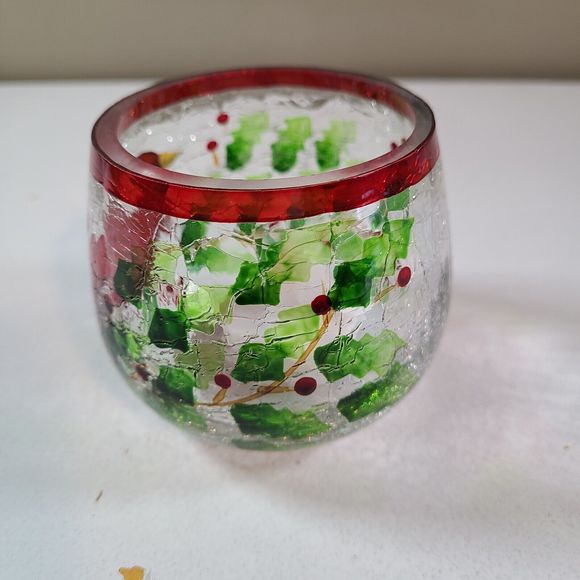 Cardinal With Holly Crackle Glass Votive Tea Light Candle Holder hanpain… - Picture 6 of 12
..........
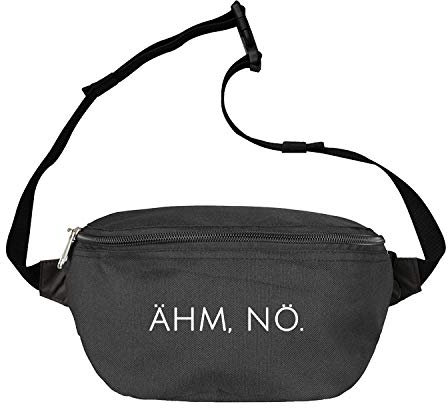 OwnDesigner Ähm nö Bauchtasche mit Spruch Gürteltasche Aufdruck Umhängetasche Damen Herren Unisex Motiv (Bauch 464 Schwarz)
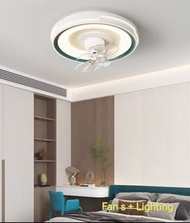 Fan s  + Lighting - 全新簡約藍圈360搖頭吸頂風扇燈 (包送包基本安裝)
..........
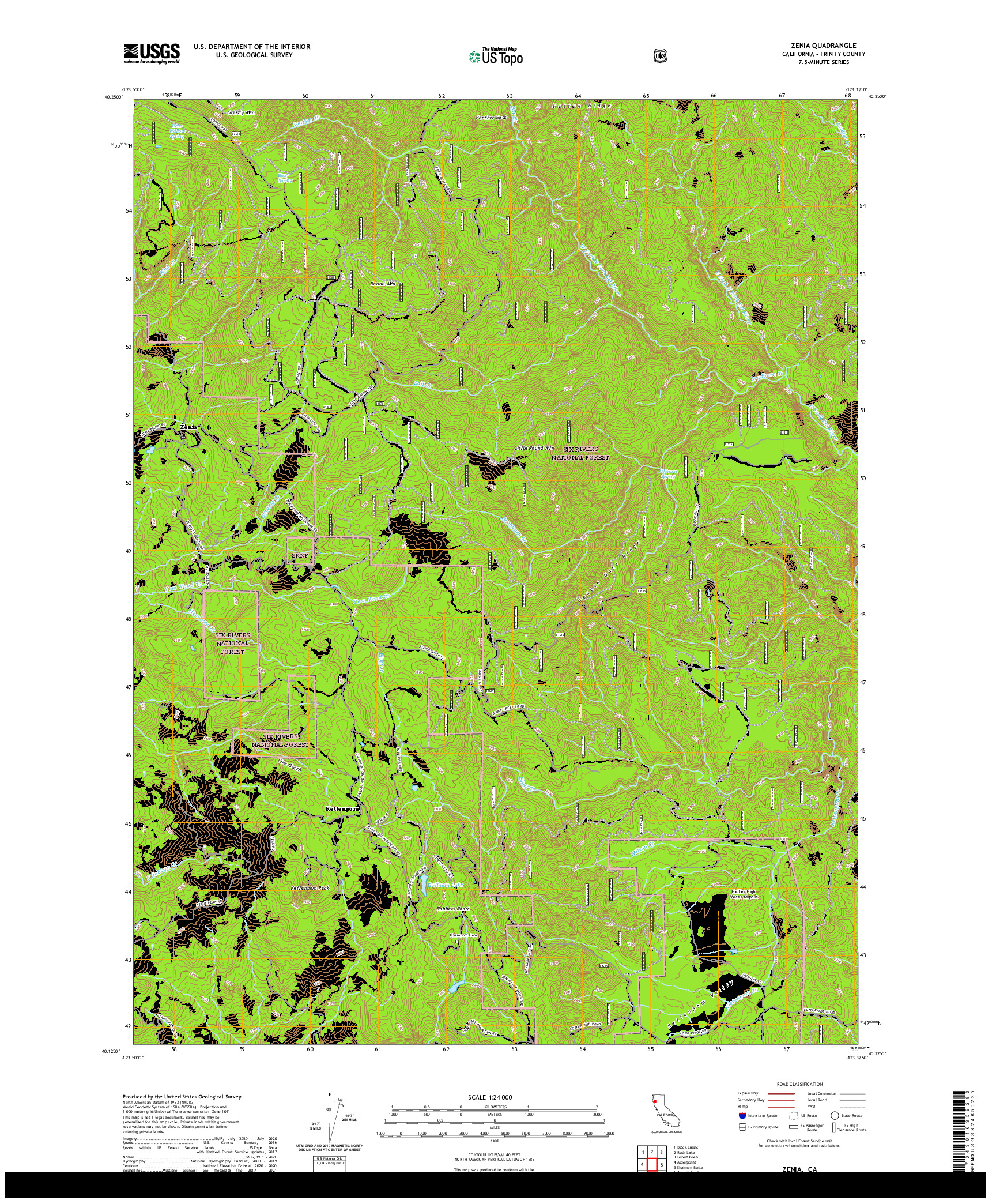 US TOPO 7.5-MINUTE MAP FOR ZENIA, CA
..........
Your task :: Although pictures appear among the entries, please set down only the lines from the one with "OwnDesigner Ähm nö" up to and including the one with "- 全新簡約藍圈360搖頭吸頂風扇燈 (包送包基本安裝)", word for word.

Task result ::
 OwnDesigner Ähm nö Bauchtasche mit Spruch Gürteltasche Aufdruck Umhängetasche Damen Herren Unisex Motiv (Bauch 464 Schwarz)
 Fan s  + Lighting - 全新簡約藍圈360搖頭吸頂風扇燈 (包送包基本安裝)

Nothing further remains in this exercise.